Importantly, 70 percent of those circumcised are aged 15-29 years, which is the most impactful age group for epidemic control. The SFH-supported project is currently running in Southern, Central and Lusaka provinces.
No doubt, this has greatly contributed to reducing the spread of HIV and other STIs.
The World Health Organisation (WHO) says male medical circumcision provides men with at least up to 60 percent protection from HIV infection from infected female sexual partners.
It also decreases the risk of penile cancer and reduces the risk of infecting female sexual partners with the human papilloma, a virus that causes cancer of the cervix.

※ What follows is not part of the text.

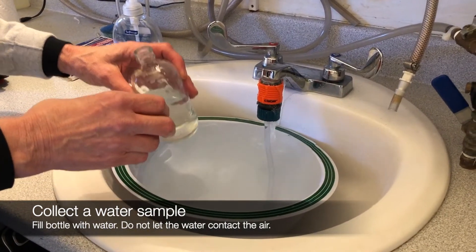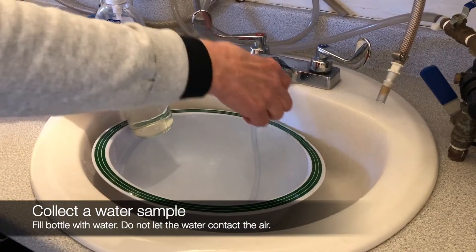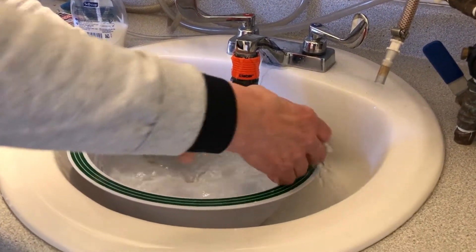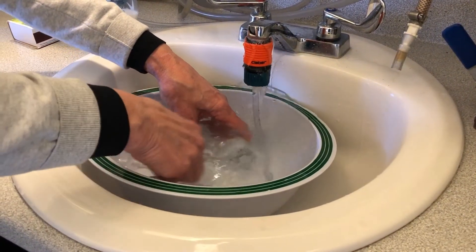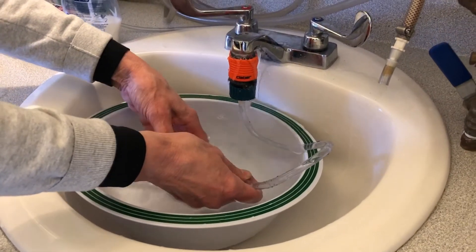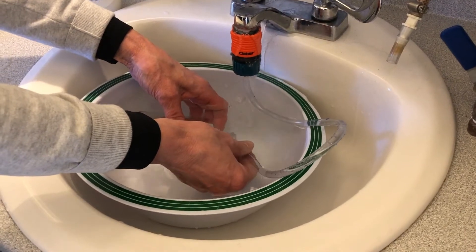It's important to get a good water sample, so for that you want water that hasn't been aerated. Use the faucet adapter that comes with your H2O, fill up a bowl or a bucket of water, submerge your bottle, and put the tube into the bottle so that you can fill up the bottle with water that has not been aerated.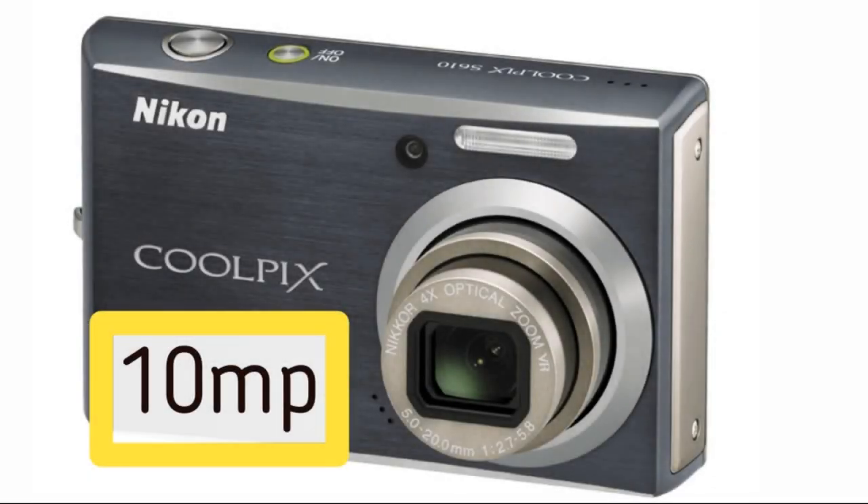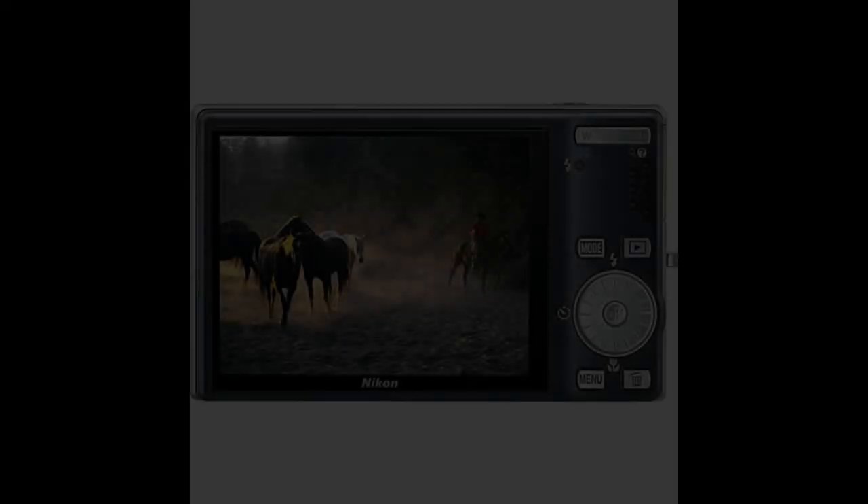What are you looking at, guys? I discovered this Nikon Coolpix S610. It currently sells for $45 used on the internet. What brought me to pick up this $45 used pocket camera? Now, there are a lot of cheaper pocket cameras — a lot less than $45. But let me give you a little bit of photography background on this camera.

Meanwhile, SFH director of Bill and Melinda Gates Foundation VMMC Project, Albert Machinda, explains that his organisation has made tremendous progress in its efforts to prevent HIV and AIDS through VMMC by developing new innovations in demand creation such as HCD.
“Working with the Ministry of Health, we are contributing to an HIV-free Zambia. We targeted the most impactful age group and in a period of 30 months, over 70 percent of the 154,000 men circumcised are 15 to 29 years old,” he said
Dr Machinda said SFH shared good practices at international level on the effectiveness of HCD in conducting circumcisions.
“SFH is proud to have contributed to over 154,000 circumcisions from January 2015 to date across three provinces (Southern, Central and Lusaka). We have been invited to various international platforms to share information with the rest of the world on HCD,” he said.
By using innovative approaches and providing technical assistance to scale up VMMC in remote areas, SFH provides a platform where men and boys freely interact with counsellors to share information about VMMC.
SFH has also helped shape the clinical standards for quality VMMC in rural areas and on a national level. It has worked with the Ministry of Health to train 60 health workers to provide safe, high-quality procedures and developed protocols for quality assurance and improvement in VMMC programmes.
Dr Machinda said the Zambia National VMMC programme aims to circumcise at least 90 percent of HIV-negative men by 2020.
SFH communications and marketing director Linda Mafonko reaffirmed their commitment towards increasing access to quality VMMC services to prevent the spread of HIV in Zambia.
Ms Mafonko stated that the circumcisions being undertaken in health centres are medically proven, safe and effective procedures crucial for comprehensive approach to HIV prevention by correct and consistent condom use.
“Parents and women also have a role in increasing the uptake of VMMC by encouraging their partners, husbands, brothers and children to make the decision to be circumcised. The call to action starts in the home,” she said.
Ms Mafonko said the programme has also helped men and boys in the three provinces to access HIV testing, and information about sexual and reproductive health, while others have undergone other medical screening procedures.
“The myths that surround male circumcision have been a great challenge to the organisation. Some men do not even want to hear the word circumcision,” she explained. “I remember meeting a man who didn’t want to get circumcised because he heard that it is painful and that after circumcision, one should abstain from sex for months.”
Another common myth about MMC is that it makes men impotent or that it takes away the sexual pleasure, while other lies are that foreskins of circumcised men are sold for rituals.
Ms Mafonko dismissed all these stories as lies which discourage men from getting circumcised.
She stressed the point that all interested men should ensure that they are attended to by trained and competent providers in a sterile environment, using adequate pain management tools.